Figure 6 — Reuters price poll: A host of market experts present their projections on the gold price
The mean came in at US$1,655/oz for 2020, rising towards an average of US$1,704/oz for next year, which does reflect a growing trend, but not anything outrageous given that the current spot price is trading at around US$1,800/oz.
Our somewhat more optimistic scenario for gold is mirrored in a more pessimistic scenario for short- and medium-term global economic progress. Policy makers have done a great job cushioning the first blow and preventing the global economy from screeching to a halt, but once the patient gets off life support, things could quickly turn ugly again.

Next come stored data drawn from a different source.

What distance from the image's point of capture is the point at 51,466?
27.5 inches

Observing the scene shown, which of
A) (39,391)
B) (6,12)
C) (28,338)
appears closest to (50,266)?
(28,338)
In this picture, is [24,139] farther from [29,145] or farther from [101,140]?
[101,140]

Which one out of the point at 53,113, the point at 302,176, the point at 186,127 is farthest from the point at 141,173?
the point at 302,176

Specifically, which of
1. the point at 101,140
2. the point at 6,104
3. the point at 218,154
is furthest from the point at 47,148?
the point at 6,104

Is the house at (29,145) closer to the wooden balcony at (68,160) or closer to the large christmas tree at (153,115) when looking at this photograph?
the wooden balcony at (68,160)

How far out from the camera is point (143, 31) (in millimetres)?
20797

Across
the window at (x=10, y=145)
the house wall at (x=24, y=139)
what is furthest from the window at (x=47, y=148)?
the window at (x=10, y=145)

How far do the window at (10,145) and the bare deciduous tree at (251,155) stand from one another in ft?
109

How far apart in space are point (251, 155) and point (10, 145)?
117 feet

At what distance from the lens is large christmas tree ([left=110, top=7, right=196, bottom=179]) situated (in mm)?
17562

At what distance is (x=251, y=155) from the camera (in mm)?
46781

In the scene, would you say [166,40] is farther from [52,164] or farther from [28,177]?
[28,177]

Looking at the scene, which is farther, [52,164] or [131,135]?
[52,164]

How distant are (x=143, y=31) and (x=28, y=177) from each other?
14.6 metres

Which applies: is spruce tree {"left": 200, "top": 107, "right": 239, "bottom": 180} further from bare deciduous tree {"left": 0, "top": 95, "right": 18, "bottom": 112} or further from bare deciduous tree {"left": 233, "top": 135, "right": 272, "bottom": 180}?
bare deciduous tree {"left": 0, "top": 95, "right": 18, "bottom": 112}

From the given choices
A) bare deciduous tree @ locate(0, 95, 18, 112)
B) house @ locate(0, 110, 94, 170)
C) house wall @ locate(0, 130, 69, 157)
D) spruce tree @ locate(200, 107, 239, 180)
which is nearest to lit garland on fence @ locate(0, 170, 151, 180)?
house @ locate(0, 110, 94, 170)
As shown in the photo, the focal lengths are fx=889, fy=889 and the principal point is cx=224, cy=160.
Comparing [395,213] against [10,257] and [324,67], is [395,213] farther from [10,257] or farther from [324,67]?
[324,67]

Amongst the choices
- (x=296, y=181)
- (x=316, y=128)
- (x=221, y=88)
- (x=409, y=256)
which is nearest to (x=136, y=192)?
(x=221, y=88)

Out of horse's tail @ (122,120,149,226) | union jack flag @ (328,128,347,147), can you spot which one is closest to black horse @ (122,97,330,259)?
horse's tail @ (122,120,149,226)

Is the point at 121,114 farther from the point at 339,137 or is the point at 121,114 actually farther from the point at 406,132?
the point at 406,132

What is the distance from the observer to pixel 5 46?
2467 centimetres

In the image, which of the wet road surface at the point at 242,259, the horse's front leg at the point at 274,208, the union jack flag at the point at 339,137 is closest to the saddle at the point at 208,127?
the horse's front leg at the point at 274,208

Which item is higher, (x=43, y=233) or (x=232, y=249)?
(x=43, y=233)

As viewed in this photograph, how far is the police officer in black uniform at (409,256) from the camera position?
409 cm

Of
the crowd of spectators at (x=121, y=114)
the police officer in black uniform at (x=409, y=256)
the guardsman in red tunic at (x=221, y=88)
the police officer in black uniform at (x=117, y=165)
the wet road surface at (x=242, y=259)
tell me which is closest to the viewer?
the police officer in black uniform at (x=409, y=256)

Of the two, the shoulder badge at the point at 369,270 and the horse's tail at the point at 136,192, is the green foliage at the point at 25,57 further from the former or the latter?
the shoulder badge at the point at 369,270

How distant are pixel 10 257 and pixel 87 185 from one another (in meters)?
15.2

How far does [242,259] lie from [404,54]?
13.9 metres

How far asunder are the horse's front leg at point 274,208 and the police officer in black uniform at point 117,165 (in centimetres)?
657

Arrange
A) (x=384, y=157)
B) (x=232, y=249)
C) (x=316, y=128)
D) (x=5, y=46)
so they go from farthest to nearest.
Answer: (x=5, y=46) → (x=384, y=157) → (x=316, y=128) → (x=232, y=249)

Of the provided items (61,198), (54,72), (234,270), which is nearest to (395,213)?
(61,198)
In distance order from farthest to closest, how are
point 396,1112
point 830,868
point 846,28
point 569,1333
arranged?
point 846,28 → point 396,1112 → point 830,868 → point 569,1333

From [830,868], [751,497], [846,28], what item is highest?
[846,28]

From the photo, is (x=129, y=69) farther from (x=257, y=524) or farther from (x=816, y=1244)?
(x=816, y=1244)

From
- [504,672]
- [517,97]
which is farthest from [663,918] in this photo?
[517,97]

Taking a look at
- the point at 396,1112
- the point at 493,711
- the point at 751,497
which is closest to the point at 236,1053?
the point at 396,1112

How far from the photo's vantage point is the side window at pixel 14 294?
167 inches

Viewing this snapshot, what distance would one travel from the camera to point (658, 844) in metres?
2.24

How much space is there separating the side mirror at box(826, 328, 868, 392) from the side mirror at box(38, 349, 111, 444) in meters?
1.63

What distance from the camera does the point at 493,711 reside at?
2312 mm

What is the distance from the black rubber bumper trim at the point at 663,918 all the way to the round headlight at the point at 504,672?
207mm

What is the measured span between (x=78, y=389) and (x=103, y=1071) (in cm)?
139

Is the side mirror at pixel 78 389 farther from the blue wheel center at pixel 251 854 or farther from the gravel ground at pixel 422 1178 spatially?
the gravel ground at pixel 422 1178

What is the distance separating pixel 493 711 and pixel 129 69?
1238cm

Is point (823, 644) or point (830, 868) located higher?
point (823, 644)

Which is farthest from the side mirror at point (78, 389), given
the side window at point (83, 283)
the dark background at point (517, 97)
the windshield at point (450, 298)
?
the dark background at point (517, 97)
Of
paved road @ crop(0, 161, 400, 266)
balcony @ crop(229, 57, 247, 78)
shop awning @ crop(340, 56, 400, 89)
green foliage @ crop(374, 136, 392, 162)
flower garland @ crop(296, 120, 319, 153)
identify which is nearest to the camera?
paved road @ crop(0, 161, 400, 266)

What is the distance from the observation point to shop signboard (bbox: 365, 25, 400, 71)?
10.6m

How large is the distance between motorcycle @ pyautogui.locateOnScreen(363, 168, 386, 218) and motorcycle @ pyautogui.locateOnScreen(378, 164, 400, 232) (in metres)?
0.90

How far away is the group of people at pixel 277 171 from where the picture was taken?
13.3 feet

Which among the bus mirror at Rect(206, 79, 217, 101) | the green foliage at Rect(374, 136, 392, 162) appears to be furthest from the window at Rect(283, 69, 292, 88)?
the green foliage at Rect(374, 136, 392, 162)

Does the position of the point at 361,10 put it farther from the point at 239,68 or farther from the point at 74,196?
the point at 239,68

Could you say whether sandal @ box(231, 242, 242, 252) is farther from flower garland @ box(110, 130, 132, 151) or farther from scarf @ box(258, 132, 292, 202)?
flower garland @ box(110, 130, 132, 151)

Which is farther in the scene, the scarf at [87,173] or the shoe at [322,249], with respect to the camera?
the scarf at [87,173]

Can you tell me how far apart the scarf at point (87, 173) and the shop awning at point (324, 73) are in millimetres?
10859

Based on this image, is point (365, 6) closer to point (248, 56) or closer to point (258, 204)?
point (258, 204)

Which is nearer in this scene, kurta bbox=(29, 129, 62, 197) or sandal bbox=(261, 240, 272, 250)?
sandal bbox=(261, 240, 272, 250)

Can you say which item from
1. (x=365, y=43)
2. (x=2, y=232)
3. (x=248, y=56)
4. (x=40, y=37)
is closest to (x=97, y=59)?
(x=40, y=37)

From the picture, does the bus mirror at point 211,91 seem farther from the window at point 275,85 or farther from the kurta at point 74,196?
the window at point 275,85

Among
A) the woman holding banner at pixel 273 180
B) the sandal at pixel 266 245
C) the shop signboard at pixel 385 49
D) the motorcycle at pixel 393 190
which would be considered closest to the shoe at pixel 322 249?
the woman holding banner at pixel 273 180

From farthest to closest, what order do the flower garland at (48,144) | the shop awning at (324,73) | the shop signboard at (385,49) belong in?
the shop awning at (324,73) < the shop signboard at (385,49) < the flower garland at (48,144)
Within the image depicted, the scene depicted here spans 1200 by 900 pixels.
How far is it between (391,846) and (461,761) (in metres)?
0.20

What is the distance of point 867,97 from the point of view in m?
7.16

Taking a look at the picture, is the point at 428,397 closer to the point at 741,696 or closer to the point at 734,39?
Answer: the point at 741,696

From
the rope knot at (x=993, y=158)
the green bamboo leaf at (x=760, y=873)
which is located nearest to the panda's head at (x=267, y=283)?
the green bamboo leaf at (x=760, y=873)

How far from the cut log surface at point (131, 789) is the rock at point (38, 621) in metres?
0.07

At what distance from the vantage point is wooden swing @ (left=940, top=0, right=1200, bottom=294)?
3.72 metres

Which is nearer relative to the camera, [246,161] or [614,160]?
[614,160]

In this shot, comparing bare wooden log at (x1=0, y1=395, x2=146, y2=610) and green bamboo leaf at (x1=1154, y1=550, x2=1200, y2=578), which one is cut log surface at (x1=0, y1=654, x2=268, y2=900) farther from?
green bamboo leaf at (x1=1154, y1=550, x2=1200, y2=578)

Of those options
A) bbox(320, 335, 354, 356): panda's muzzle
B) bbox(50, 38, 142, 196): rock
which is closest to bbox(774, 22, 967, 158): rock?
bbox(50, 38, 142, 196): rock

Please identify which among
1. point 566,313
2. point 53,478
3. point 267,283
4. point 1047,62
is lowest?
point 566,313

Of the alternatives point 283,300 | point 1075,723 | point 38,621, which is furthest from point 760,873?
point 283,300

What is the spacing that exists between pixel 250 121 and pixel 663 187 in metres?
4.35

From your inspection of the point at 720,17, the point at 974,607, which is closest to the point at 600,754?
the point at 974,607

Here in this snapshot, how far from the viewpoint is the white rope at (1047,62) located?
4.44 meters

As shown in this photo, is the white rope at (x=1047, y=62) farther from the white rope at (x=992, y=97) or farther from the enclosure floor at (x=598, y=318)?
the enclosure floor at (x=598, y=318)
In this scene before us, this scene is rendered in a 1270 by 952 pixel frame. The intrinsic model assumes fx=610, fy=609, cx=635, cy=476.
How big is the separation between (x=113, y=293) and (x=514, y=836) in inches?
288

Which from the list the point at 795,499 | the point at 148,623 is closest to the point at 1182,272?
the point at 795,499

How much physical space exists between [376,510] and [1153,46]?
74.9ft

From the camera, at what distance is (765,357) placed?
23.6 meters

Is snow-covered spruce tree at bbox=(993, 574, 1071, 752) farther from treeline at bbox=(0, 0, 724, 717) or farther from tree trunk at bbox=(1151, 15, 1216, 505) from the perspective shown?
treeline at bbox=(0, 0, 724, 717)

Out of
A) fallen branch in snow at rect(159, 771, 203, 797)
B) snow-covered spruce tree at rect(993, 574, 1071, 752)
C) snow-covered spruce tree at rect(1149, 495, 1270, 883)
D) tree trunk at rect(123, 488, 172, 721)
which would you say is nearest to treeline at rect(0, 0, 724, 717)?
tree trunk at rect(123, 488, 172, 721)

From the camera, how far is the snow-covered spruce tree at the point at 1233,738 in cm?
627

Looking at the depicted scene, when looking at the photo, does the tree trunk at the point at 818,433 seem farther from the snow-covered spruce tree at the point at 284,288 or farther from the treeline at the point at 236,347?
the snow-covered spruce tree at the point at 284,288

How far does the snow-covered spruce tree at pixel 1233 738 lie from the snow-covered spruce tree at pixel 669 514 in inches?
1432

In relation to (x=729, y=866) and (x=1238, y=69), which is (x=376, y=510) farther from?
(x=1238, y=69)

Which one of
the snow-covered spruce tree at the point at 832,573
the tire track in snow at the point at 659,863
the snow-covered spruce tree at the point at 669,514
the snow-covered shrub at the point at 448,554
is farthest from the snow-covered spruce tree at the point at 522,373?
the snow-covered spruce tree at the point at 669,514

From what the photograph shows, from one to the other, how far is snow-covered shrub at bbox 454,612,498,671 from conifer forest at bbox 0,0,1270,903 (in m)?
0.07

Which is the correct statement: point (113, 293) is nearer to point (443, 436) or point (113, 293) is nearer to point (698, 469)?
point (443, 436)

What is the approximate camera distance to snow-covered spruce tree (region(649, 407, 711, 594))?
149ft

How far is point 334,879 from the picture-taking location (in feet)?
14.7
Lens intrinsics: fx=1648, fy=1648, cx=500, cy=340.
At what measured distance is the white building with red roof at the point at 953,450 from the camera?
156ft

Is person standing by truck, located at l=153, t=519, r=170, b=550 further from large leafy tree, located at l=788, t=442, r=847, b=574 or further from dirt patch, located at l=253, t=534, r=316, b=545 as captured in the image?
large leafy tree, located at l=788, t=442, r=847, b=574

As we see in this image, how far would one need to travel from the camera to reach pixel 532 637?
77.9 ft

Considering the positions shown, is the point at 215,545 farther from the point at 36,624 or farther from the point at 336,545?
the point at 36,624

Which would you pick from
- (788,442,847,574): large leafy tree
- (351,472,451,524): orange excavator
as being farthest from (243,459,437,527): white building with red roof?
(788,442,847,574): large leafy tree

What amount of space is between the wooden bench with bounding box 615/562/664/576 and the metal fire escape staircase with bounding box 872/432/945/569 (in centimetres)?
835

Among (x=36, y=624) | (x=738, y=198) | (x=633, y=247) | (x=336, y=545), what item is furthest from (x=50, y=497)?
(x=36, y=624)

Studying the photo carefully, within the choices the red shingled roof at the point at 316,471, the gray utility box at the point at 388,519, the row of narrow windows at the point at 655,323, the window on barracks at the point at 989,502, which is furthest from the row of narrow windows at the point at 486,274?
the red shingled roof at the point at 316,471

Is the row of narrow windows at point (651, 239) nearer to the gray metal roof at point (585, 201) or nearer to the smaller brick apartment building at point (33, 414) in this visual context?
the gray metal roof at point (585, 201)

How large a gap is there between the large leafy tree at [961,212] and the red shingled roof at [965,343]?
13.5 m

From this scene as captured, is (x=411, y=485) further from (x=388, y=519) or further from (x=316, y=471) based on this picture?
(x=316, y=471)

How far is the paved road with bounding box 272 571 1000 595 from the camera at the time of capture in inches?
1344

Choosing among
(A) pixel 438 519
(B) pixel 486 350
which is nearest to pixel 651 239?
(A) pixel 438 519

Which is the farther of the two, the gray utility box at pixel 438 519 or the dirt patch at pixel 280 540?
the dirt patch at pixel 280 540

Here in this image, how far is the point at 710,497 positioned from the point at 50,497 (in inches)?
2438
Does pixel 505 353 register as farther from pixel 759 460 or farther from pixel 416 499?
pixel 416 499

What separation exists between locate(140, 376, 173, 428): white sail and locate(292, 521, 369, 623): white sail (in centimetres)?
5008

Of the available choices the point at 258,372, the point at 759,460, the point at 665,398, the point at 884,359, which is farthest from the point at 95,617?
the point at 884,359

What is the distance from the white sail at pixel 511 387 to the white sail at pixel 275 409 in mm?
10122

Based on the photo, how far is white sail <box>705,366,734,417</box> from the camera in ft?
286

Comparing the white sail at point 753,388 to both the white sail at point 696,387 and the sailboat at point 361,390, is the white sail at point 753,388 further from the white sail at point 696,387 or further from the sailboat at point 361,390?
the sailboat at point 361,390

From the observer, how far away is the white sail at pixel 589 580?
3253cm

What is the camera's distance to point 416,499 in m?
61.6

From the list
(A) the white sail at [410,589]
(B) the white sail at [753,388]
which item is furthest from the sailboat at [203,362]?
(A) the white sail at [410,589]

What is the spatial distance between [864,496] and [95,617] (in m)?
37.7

We could well see a surge in unemployment numbers reemerge, combined with business foreclosures, and government support will not be unlimited. Those with strong capital buffers will be able to weather the storm and maybe even pick up some distressed assets for pennies on the dollar.
However, many businesses will struggle to deal with zero to low revenue streams for quite a few months, while overheads and other (operating) costs continue to be present.
As such, and despite the increase in liquidity, the investment climate is likely to be cautious, and investors will continue to search for yield.
With bond prices inflated and equities expensive at a PE ratio of 24, investors will look elsewhere, and gold might just provide that sort of exposure one feels more comfortable with given the current and uncertain future climate. If that came to fruition, even our more optimistic average gold price forecast of US$1,700/oz this year and US$1,855/oz in 2021 could turn out to be too pessimistic.